I checked now because I don’t remember exactly: the “fatwa” against Salman Rushdie was issued in 1989, and for some reason, to an Easterner completely out of sync with the rest of the world, it seemed more of a romantic story. It is known that poets are always “cursed”, they say unpleasant things, but not always important.
At that time, something else, more important, was happening: Stalin’s insolent statement “how many divisions does the Pope have” finally got a decent answer from the real Pope: “Don’t be afraid.”
People were no longer afraid, and almost instantly the communist world collapsed as if it had never existed… However, even Stalin’s monuments did not stand long enough to record this moment, except in a few places…

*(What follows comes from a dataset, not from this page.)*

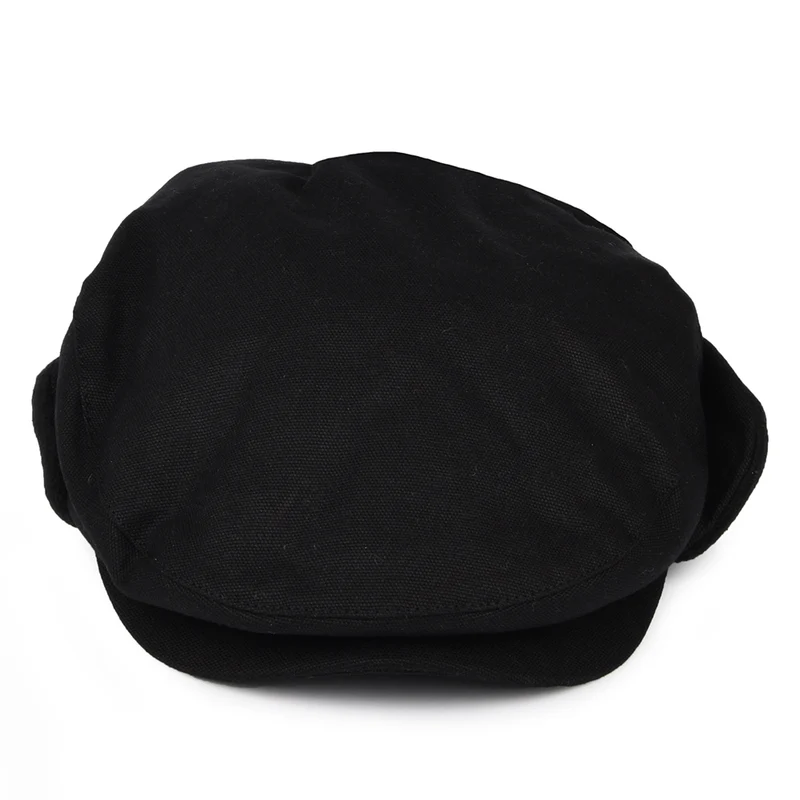 Casquette Plate Ample Avec Protège-Oreilles Hooligan noir BRIXTON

I was on a short trip last week when I heard about the attack on the writer with whom I started the text. I never got around to reading The Poems, instead I had a lot of trouble with Midnight’s Children, a complicated book (a little too complicated for our happy times) that taught me a lot about the world in which the independence of India and Pakistan was born. It doesn’t even matter why the Ayatollah decided to issue a fatwa specifically against him, when probably most books written at the time had at least one idea that contradicted the Koran…
From the above, it is clear how great the power of ideas really is.
Now for some reason this thing is considered outdated, we live in times of parallel universes and multiple truths. In my opinion, this ideology comes from a misinterpretation of Heisenberg’s Uncertainty Principle, but I don’t want to go further with this idea, it needs a separate discussion.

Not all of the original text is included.